One of my jobs as a photographer (pretty much the only one that pays, though it hasn't lately because the real estate market is in such a slump) is photographing houses for real estate brochures. This home was outside Tacoma: I had to take most of a day to go down and shoot it, and some six months later I still haven't been paid for the job.
But I love this one image, shot from the deck outside the house, because of the way the boundaries between within and without are blurred, and I find it very inviting.
I love the flowers on the deck, which appear to rest on the blanket draped across the couch; I love the serene presence of the Chinese statue within, the reflections of the trees and sky behind me even as we see more trees and sky through the window beyond the statue.
I love the counterpoint between the straight lines of the horizon and the deck railing and the curved lines of the flower bowl and the couch piping, and I enjoy the way the railing lines are echoed again through the window beyond, in the sleeve of the statue, and on the blanket itself.
For some reason the illusory nature of the boundaries between inside and outside in this image reminds me of a line from the Episcopal liturgy: "by him, with him and in him in the unity of the Holy Spirit." I confess I've never thought much about that phrase; all those prepositions seem to just roll past, gathering strength like a wave to enhance the impact of the next phrase, "in the unity of the Holy Spirit."
Which, of course, is one of the dangers of a beautiful liturgy recited exactly in the same way Sunday after Sunday: the words acquire a rhythm of their own and tend to lose their meaning. We stop listening, and think of other things, waiting for our cue to step forward and take the bread and wine.
It's a bit like the Lord's Prayer: I am remembering a sermon in which the preacher said the harshest word in the Lord's Prayer was "as." He paused briefly, as we all stared at him, perplexed, and then went on to explain. "You know. "Forgive us our trespasses AS we forgive those who trespass against us?" And I remember thinking, "Ouch!"
But what does that mean, by him and with him and in him in the unity of the Holy Spirit? If I pay attention to what I am reading about Christophany, this phrase appears to be addressing the nature of our mystical union with Jesus Christ.
I have to back up here a second and say that, for all I am willing to admit to being an Episcopalian, I find it VERY difficult to write words like these in this blog: priest, communion, Christ, Holy Spirit. Because Christians so often use those words as battering rams, or as exclusionary mechanisms, they have acquired an uncomfortable and invasive power that makes me -- and many others -- want to fold my arms across my chest and turn away.
Which is too bad. Because I suspect that the real power of the Christian faith may actually lie in those three little prepositions: by, in, and with. Because the magic that makes my often Buddhist heart repeatedly turn back to Christianity lies in the sense of mystical unity implied by those words. I love the thought of the Divine reaching out to us; that we are formed BY it, that, through Christ, it walks side-by-side WITH us; and that through the Holy Spirit it lives IN us -- as we live IN the divine.
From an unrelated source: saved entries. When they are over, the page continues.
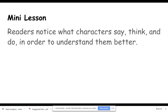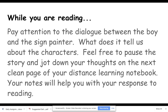Our mini lesson for today is: readers notice what characters say, think, and do in order to understand them better. While you are reading the story today, pay attention to the dialogue between the boy and the sign painter — what does it tell us about the characters? Feel free to pause the story and jot down your thoughts on the next clean page of your distance learning notebook. Your notes will help you with your response to reading, so make sure you're paying careful attention to the dialogue.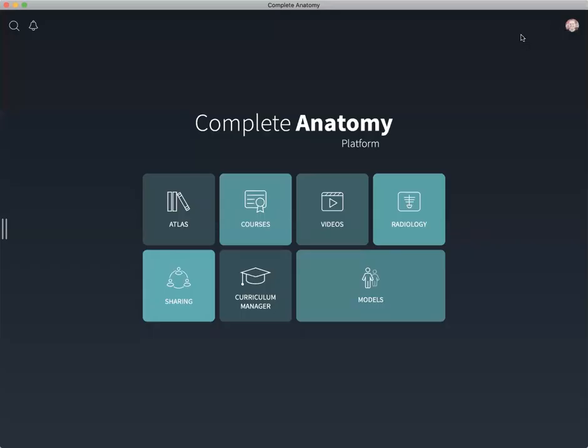And that's how to make the most of Complete Anatomy when studying specific systems, in particular the muscular system.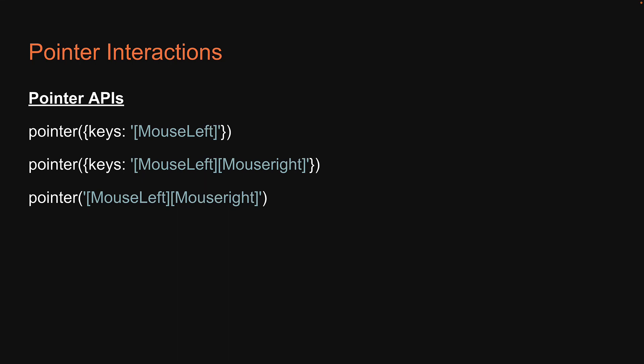Now, in order to press a button without releasing it, you can suffix the button name with the greater than sign. On the other hand, for just releasing a previously pressed button, you can prefix with a forward slash. Unless you have a use case for using the pointer API, my suggestion would be to always rely on the convenience APIs as they are much easier to read and write. But this is pretty much about mouse interactions when writing tests with React testing library.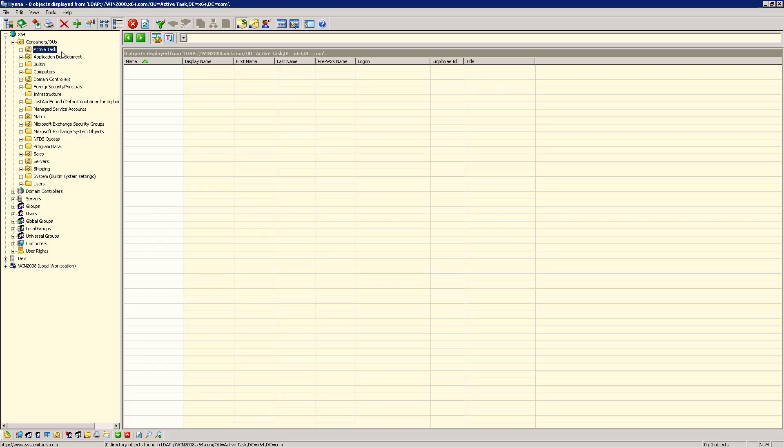In this video, you will learn how to use Hyena's ActiveTask component to create Active Directory users from an external text file. These new users will be created in this organizational unit.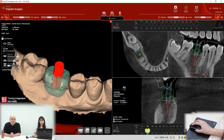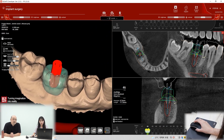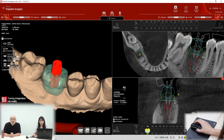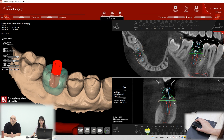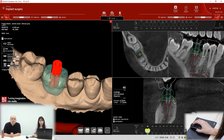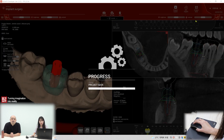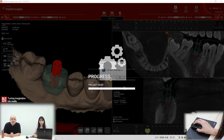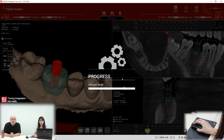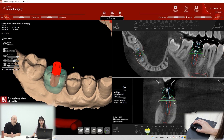That's our implant planning, and we have to save it first. The plan is fine — finish and save project. Same position name, okay. And we export to the STL file for the design.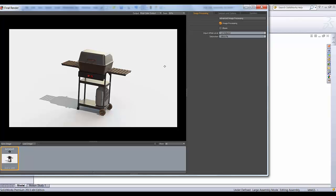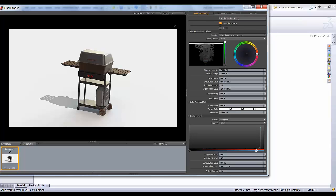As of 2013, SOLIDWORKS will allow you to do this right within PhotoView. So under Image Processing, if I hit Advanced Image Processing, I'll have my input levels. I'll be able to control my hue and saturation.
I don't begin to understand how that might work, this blurring of boundaries between human and divine. And I am still not comfortable with some of those churchy religious words -- and even LESS comfortable with the ways those words have been used over the centuries to exclude, abuse, and excuse.
But there is a comfort in those three small prepositions, in the sense that there is a loving presence that reaches out to us, walks with us, lives in us and lifts us when we stumble or fall. And as, thinking of that comfort, my resistance to the Divine softens and blurs, so, too, the boundaries between self and other begin to blur, and I realize again the illusory nature of the divisions between us.